Гитлер остался непреклонен. «Отпала необходимость рассматривать базис даже самого примитивного существования, — ответил он. — Наоборот, лучше уничтожить даже его, и уничтожить собственными руками. Нация доказала свою слабость…»
Этими словами Гитлер списал со счетов немецкий народ. Как объяснил он Шпееру, «оставшиеся после битвы имеют малую ценность, так как погибнут лучшие».
Шпеер пришел в ужас. Народ, который так упорно сражался за своего лидера, теперь значил для фюрера меньше чем ничто. Годами Шпеер закрывал глаза на самую жестокую сторону деятельности нацистов, считая, что сам он интеллектуально выше всего этого. Теперь он с запозданием осознал то, что отказывался признавать месяцами. Как он сказал генералу Альфреду Йодлю, «Гитлер совершенно сошел с ума… его необходимо остановить».
Между 19 и 23 марта из гитлеровского штаба на гауляйтеров и военных командующих по всей Германии обрушился шквал приказов «выжженной земли». Тем, кто медлил с исполнением, грозила смертная казнь. Шпеер немедленно развил бурную деятельность.
Полностью сознавая, что подвергает свою жизнь опасности, он с помощью узкого круга высокопоставленных друзей-военных решил сорвать гитлеровский план. Шпеер звонил промышленникам, летал в военные гарнизоны, посещал провинциальных чиновников, повсюду убеждая — даже самых фанатичных нацистов, — что своим планом Гитлер подписывает смертный приговор Германии без надежды на возрождение.
Учитывая серьезные цели развернутой рейхсминистром кампании, его присутствие на филармоническом концерте могло показаться проявлением легкомыслия… если бы не один факт: одним из первых в списке национальных ценностей Германии, за сохранение которых боролся Шпеер, стоял Филармонический оркестр.
Несколькими неделями ранее доктор Герхарт фон Вестерман, администратор оркестра, попросил скрипача Ташнера, любимца Шпеера, обратиться к рейхсминистру с просьбой помочь сохранить оркестр.

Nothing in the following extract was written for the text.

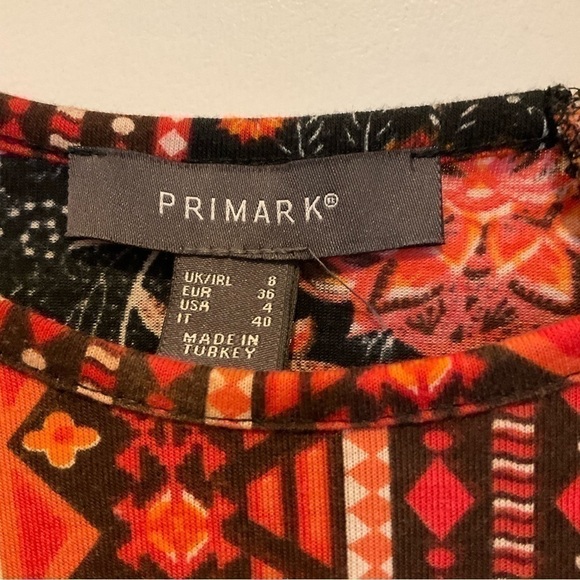 - PRIMARK Floral Abstract Dress - Picture 5 of 5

Формально музыканты были освобождены от военной службы, однако по мере приближения битвы за Берлин фон Вестерман все больше боялся, что в любой день музыкантов мобилизуют в фольксштурм. Хотя официально делами оркестра занималось министерство пропаганды Йозефа Геббельса, фон Вестерман знал, что на их помощь надеяться не стоит, поэтому он сказал скрипачу: «Ты должен помочь нам. Геббельс о нас забыл… иди к Шпееру и проси его о помощи… Мы слезно умоляем тебя».
Ташнер очень не хотел идти: любой разговор об уклонении или бегстве считался предательством и мог закончиться арестом, но в конце концов он согласился.
Встретившись со Шпеером, Ташнер неуверенно начал: «Господин министр, я хотел бы поговорить с вами о довольно щекотливом деле. Надеюсь, вы не поймете меня неправильно… но в наши дни о некоторых вещах трудно говорить…» Проницательно взглянув на скрипача, Шпеер быстро успокоил и подбодрил его, и Ташнер изложил просьбу оркестра. Рейхсминистр внимательно выслушал и попросил Ташнера передать фон Вестерману, что ему не о чем беспокоиться. Шпеер давно разработал план, который давал ему возможность сделать для оркестра гораздо больше чем избавление от фольксштурма. В самый последний момент он намеревался тайно эвакуировать весь оркестр, все 105 человек.